A reliable and effective natural language search option has been a long time coming. Although this functionality has existed for a while, many library and information professionals have stuck with the traditional boolean search. What can I say? We like to be in control of our searches and understand why a database or search engine returns the results they do.
Therefore, what do the latest developments in GenAI as a research tool mean to us as information people? The rise of GenAI and the evolving functionalities of search engines like Google and Bing are reshaping how we access and interrogate information. These tools offer natural language processing capabilities, making information access more intuitive but also raising concerns about accuracy and reliability.
This blog post explores these changes and their implications for library and information professionals - and explores a couple of interesting articles that have appeared recently.
This post was inspired by the blog post by RIPS Law Librarian. It raises some interesting issues about the diminishing effectiveness of Google search, especially in the context of legal research. It highlights a study which suggests that the prevalence of affiliate marketing and SEO-driven content in search engine results, is obscuring useful and unbiased information. How do we overcome this?
By being sceptical about everything you find online. Some things never change! In the above post, one of their recommendations to end users is to bypass the search engines and start with a trusted website and I agree. Firms, organisations, and institutions spend a lot of money on paywalled information resources so you want those to be the springboard for everyone’s research.
However, these specialist databases - for the most part - require the end user to have search expertise. Wouldn’t it be great if people could get what they needed by simply having a conversation with a database? ChatGPT and other forms of GenAI allow us to do just that. We can start with a question and then refine our responses until we get the information we need.
We want our end users to find reliable and relevant information. We have already seen exciting functionality being rolled out by large legal publishers (Lexis+AI and vLex’s Vincent AI to name just two). Vable has been exploring GenAI options and we are looking forward to sharing more about this when we are ready. There are many reasons why we should be excited:
Once you are aware of a particular issue, for example, the use of GenAI in legal research, you start seeing articles everywhere! Happily for me, the well-researched and timely article, "Is ChatGPT Any Good at Legal Research – and Should We be Wary or Supportive of it?" appeared in my current awareness today. Greg Bennett's article critically examines ChatGPT's effectiveness in legal research.
Taking advantage of the premium version of ChatGPT with the 'KeyMate.AI Search' plugin, he tests its capabilities on various legal research tasks, including interpreting legislation and referencing in OSCOLA format. He concludes that while ChatGPT demonstrates proficiency in some areas, such as accurately detailing legislative amendments, it struggles with complex legal queries and precise referencing. This is a well-known limitation.
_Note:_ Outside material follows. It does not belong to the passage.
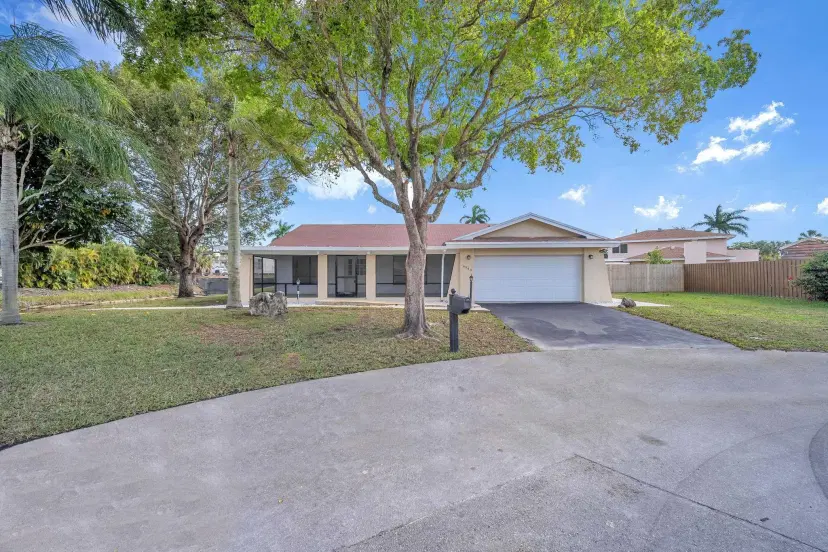 Picture of 6940 NW 20Th St, Margate FL 33063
The article also addresses ChatGPT's "hallucinations," where it generates plausible but incorrect information, and its potential to access content behind paywalls, raising concerns about the future of legal research and the role of law librarians. The discussion mirrors concerns raised in the RIPS post about the declining usefulness of Google search for legal research, emphasising the need for critical evaluation of AI tools and the continued importance of human expertise in legal information management.
GenAI is an intermediary between search engine content and the human interrogator. The problem remains that we need the quality of information to be right from the start - I hope that we have learned to be critically aware of search engine results and will continue to apply this scepticism to these emerging intermediaries! Why not think of this tech as an opportunity for professional development.
Let’s keep the following in mind:
While GenAI tools offer an interactive way of accessing and engaging with information, they are intermediaries that reflect the strengths and weaknesses of their source data. The quality of the output is contingent on the quality of the input, and this relationship highlights the ongoing need for improvements in data quality and reliability across digital information sources. They also require end users to be knowledgeable, critical, and aware of the pitfalls.